As nacionalidades eram muitas, mesmo que a maioria fossem marroquinos e israelitas, podendo-se encontrar várias pessoas de Portugal (para além de nós), Canadá ou Grécia (estes eram os sítios de origem de algumas pessoas com quem cruzámos caminhos). Com o alojamento esgotado durante o festival, as diferenças entre dia e noite notaram-se mais a 29 de Outubro: as famílias mais presentes no horário diurno e os ravers aproveitavam a luz para descansar para as longas noites (onde, para além dos sets, existia um mercado com diferentes bancas de roupas ou até espaço para se ser maquilhado por profissionais – e, se tivessem sorte, encontros fortuitos com os gatos que por lá andavam). 

Falando um pouco da música, os DJs de serviço (de Elisa Elisa, a única mulher na programação, a Roman Flügel, que já actuou no Lux Frágil ou no NOS Primavera Sound) apresentaram-se sem grandes tribulações e navegaram pelas suas selecções com diversos apontamentos a diferenciá-los, que iam de marimbas e sintetizadores agitados a incursões vocais que remetiam para o imaginário árabe, mantendo-se sempre o kick forte a guiar a festa do primeiro ao último segundo – e tudo dentro (ou muito perto) dos universos do house, do techno e do electro que tanto puxavam para o um lento transe como para a dança sem controlo. Os fãs do Boom Festival ou do Brunch Electronik Lisboa sentir-se-iam em casa.

Algumas das faixas que por lá ouvimos:

De dia – “Man O To (Be Svendsen Remix)“, “Scarecrow“, “Last Chance“, “Born and Raised (Be Svendsen Remix)” ou “Mogoya” — e a voz de Bonga chegou a ecoar através do sistema de som no restaurante/recepção;

De noite – para além da já mencionada “El Santo”, “Luz Del Sol“, “Mariposa (Bedouin Remix)“, “Mana Yero Koy (Musumeci Remix)“, “Ride Like The Wind (Joey Negro Extended Disco Mix)“, “Yeke Yeke“, “Can’t Get You Out of My Head (Extended Mix)“, “Lies“, “Que Ritmo“, “Mamasota” ou “Dusty Palace“.

Uma bolha que nunca rebenta.
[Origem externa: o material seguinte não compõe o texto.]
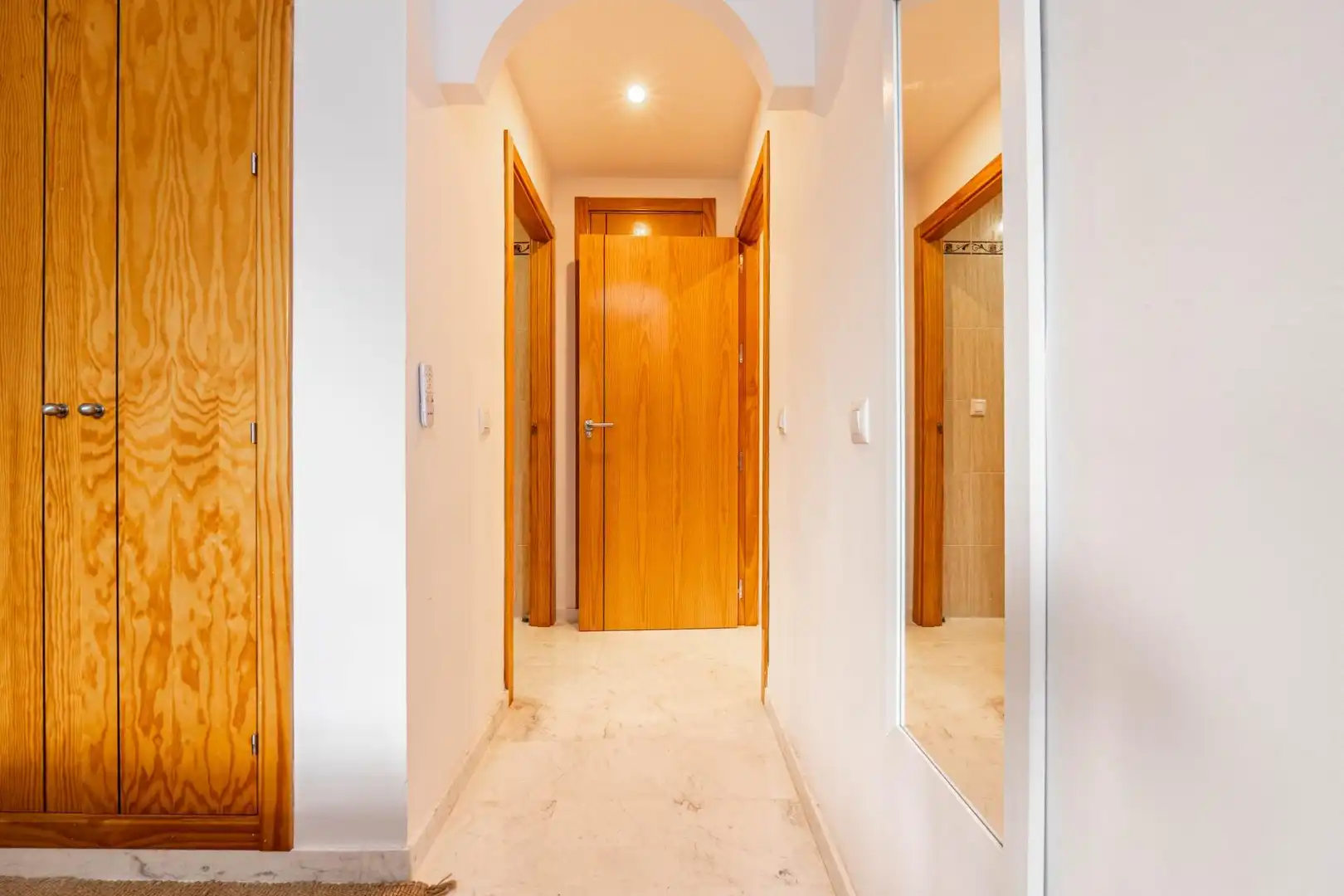 Apartamento en venta en Almuñécar con Jardín privado, Terraza y Piscina comunitaria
Quando arrumamos as malas no final da manhã de domingo, 30 de Outubro, para voltar a casa, o pensamento passa por essa questão de estarmos, de certa forma, numa realidade condicionada e no quão necessário se torna um regresso a Marrocos e a Marraquexe para um mergulho mais profundo nas suas diferentes nuances culturais, algo que só deu para fazer de uma maneira superficial durante a estadia no Selina Nomad Camp Agafay durante o Starlight Festival. Ou seja, este deve ser um ponto-de-paragem obrigatório quando pensarem em visitar o país, mas que seja apenas um de muitos.